The Attic Piranhas

Published by Marlin Williams at Smashwords

Copyright 2012 Marlin Williams

All rights reserved. No part of this book may be reproduced or transmitted in any form or by electronic or mechanical means, including photocopying, recording or by any information storage and retrieval system, without the written permission of the author.

This is a work of fiction. Names, characters, places, and incidents are the product of the author's imagination. Any resemblance to actual person, living or dead, business establishments, event, or locales is entirely coincidental.

Chapter One

Max Fagan emerged from a silver flash of light in a speeding, red convertible. Along the stretch of desert highway, he passed a billboard and felt a little nervous. It was the one with the cows crawling all over it, begging him to eat a chicken. However, the billboard was not the problem. The problem was Charley Axon. Before Charley could arrive on the scene and cause the dream to become a nightmare, Max woke up and struggled free from the twisted binds of his blanket. He’d heard that pills worked—a little. But, he was not interested in anything that was strong enough to ward off the livid dreams that sometimes morphed into grand-mall nightmares; complete with night-sweats and chills. He sat up from his makeshift bed on the sofa, and the August sun pierced the barrier of shabby drapes. He winced, recoiled, and rubbed his stinging eyes. He dropped his hands and looked around the tiny, one-room apartment at the collage of second-hand furnishings. It left a bad taste in his mouth.
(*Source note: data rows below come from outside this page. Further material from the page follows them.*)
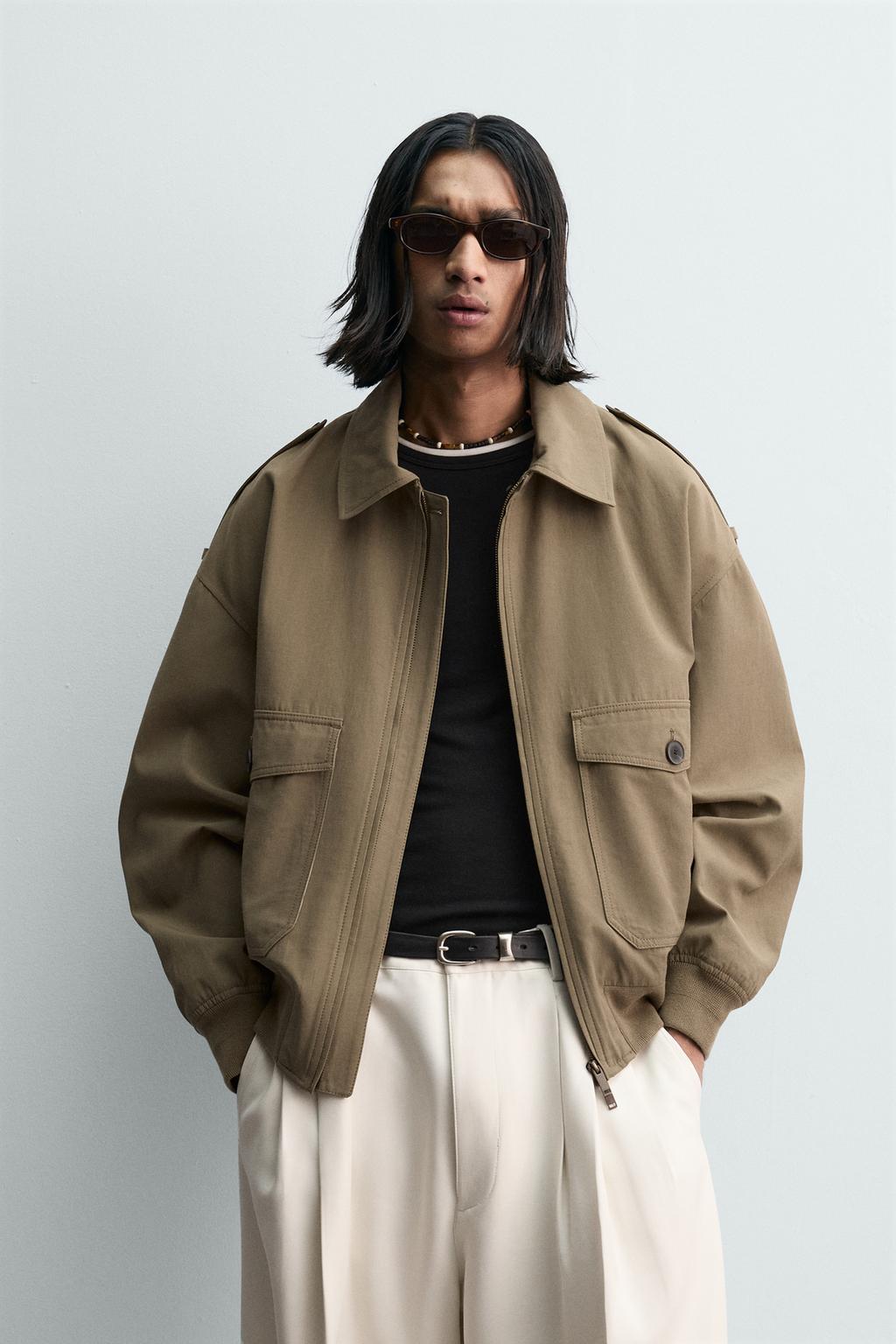 КУРТКА СВОБОДНОГО КРОЯ ИЗ ВИСКОЗЫ И ХЛОПКА, ЛИМИТИРОВАННАЯ СЕРИЯ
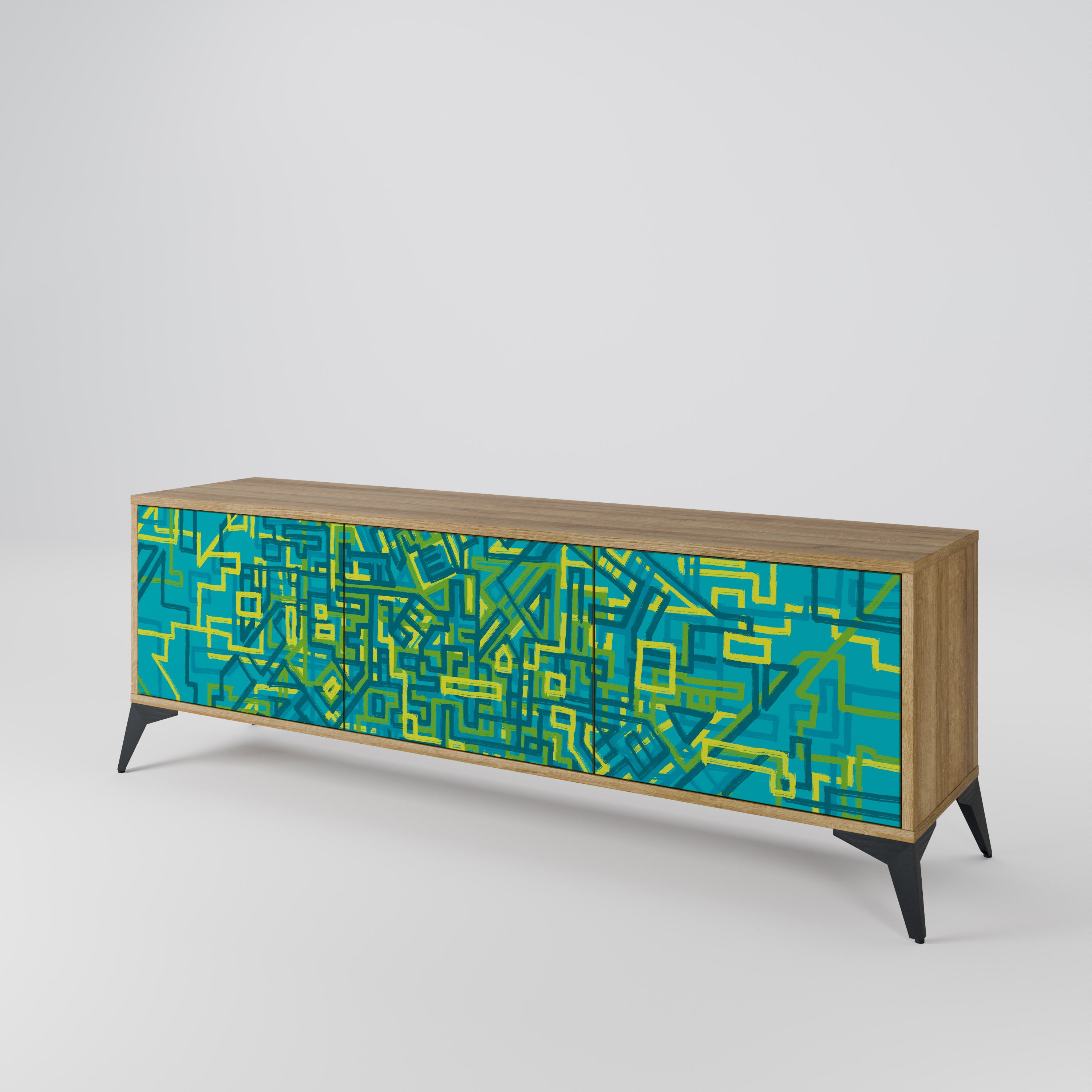 NOSTALGIC MEMORIES 3-Door TV Cabinet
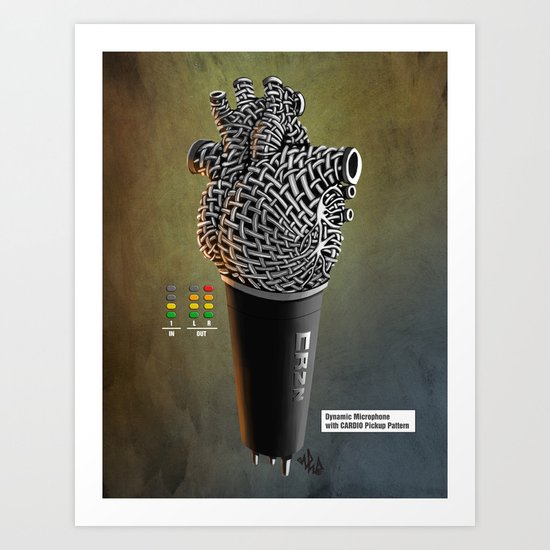 CRZN Dynamic Microphone - 003 Art Print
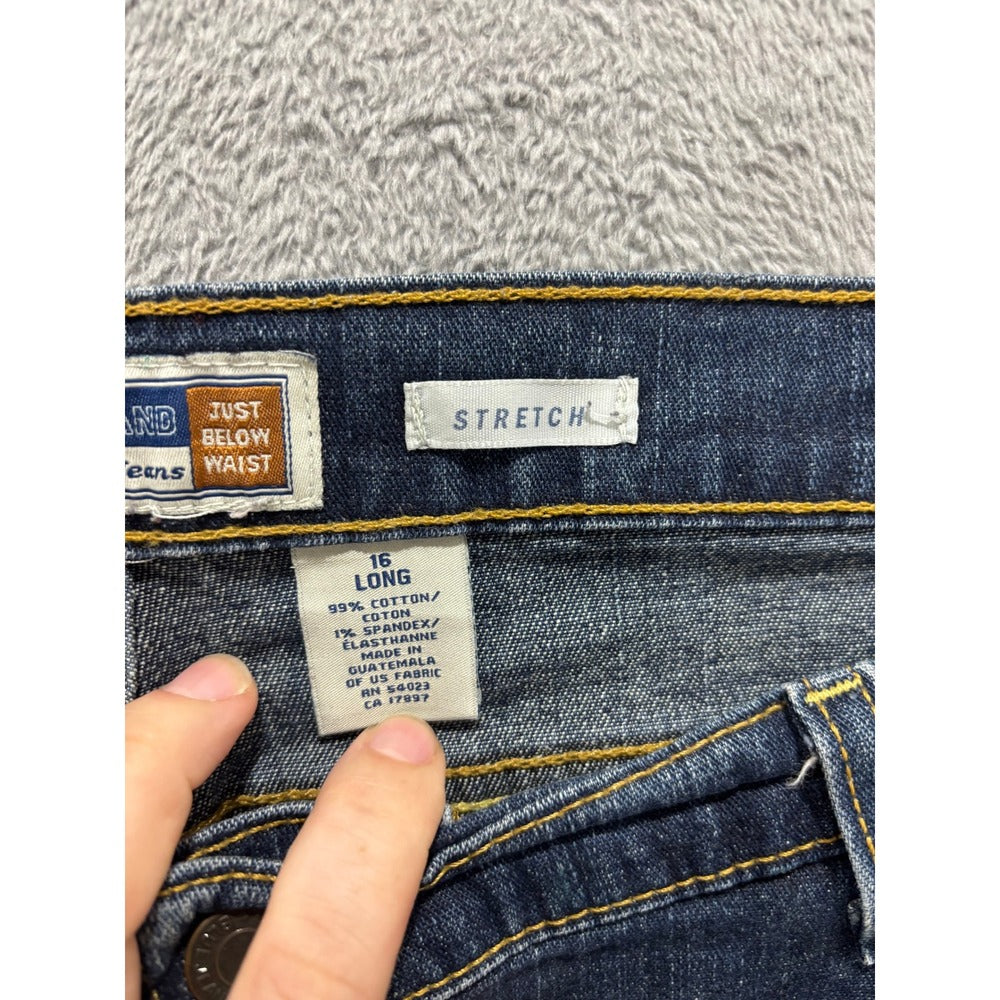 Old Navy 16 Long Womens Blue Boot-Cut Jeans Vintage Casual Denim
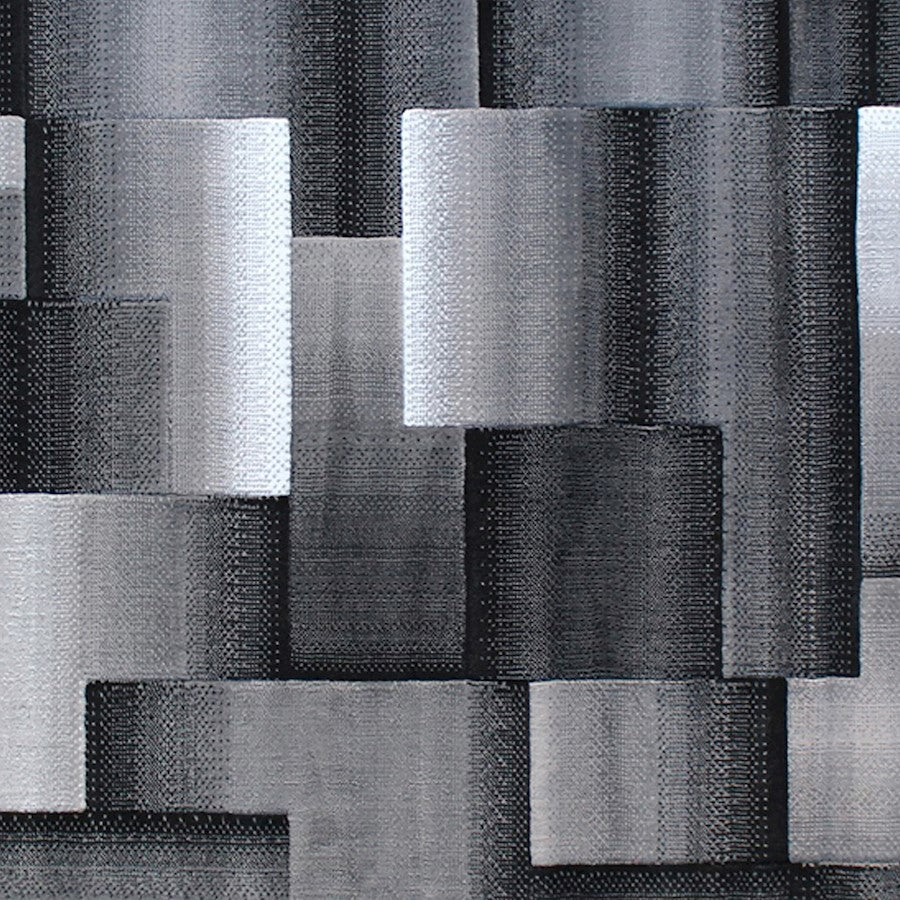 Flash Furniture Elio 8X10 Block Area Rug, Grey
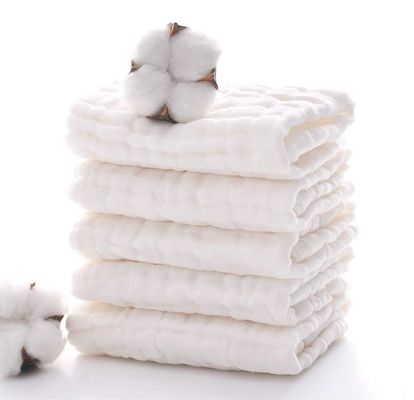 100% de algodão sustentável Quadrados de muselina para bebê Unisex Roupa facial de muselina reutilizável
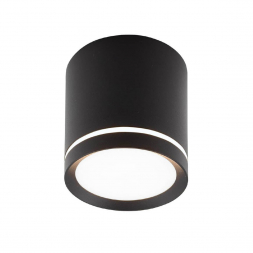 Накладной светодиодный светильник Denkirs Ribe DK4013-BK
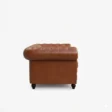 side profile view of 2 seater leather sofa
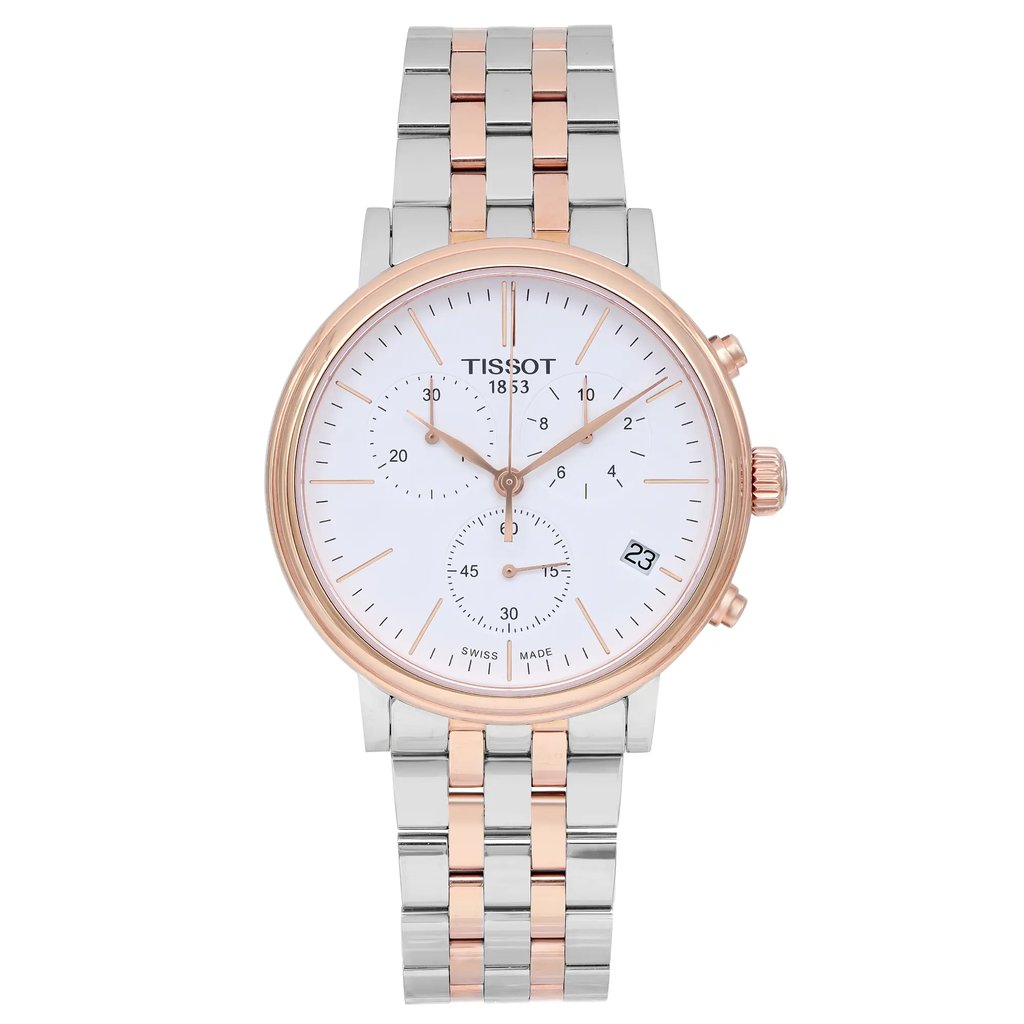 Front Full View Of Tissot T122.417.22.011.00 Stainless Steel Watch Pre Owned Condition Excellent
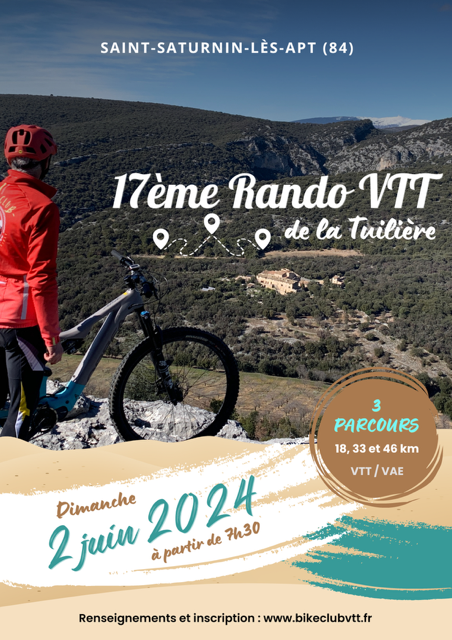 Affiche La 17ème rando de la Tuilière 2024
The angle of the late morning sun prompted him into a nervous search through the slush pile of watch innards and electronic components on the coffee table. He found his Elegant wristwatch and looked at the dial. “Shit, late again.” He sped through his morning ritual, finishing off his recently acquired attire of thrift-store shirt, slacks by slipping on a pair of comfortable but worn-out loafers, and raced out the door. As he walked through what barely passed as a courtyard, he noticed the Coral Reef Apartments complex's sign had a new bad paint job covering the old bad paint job. It was the property manager's latest attempt to mask the decaying property, like a Band-Aid on a gaping wound.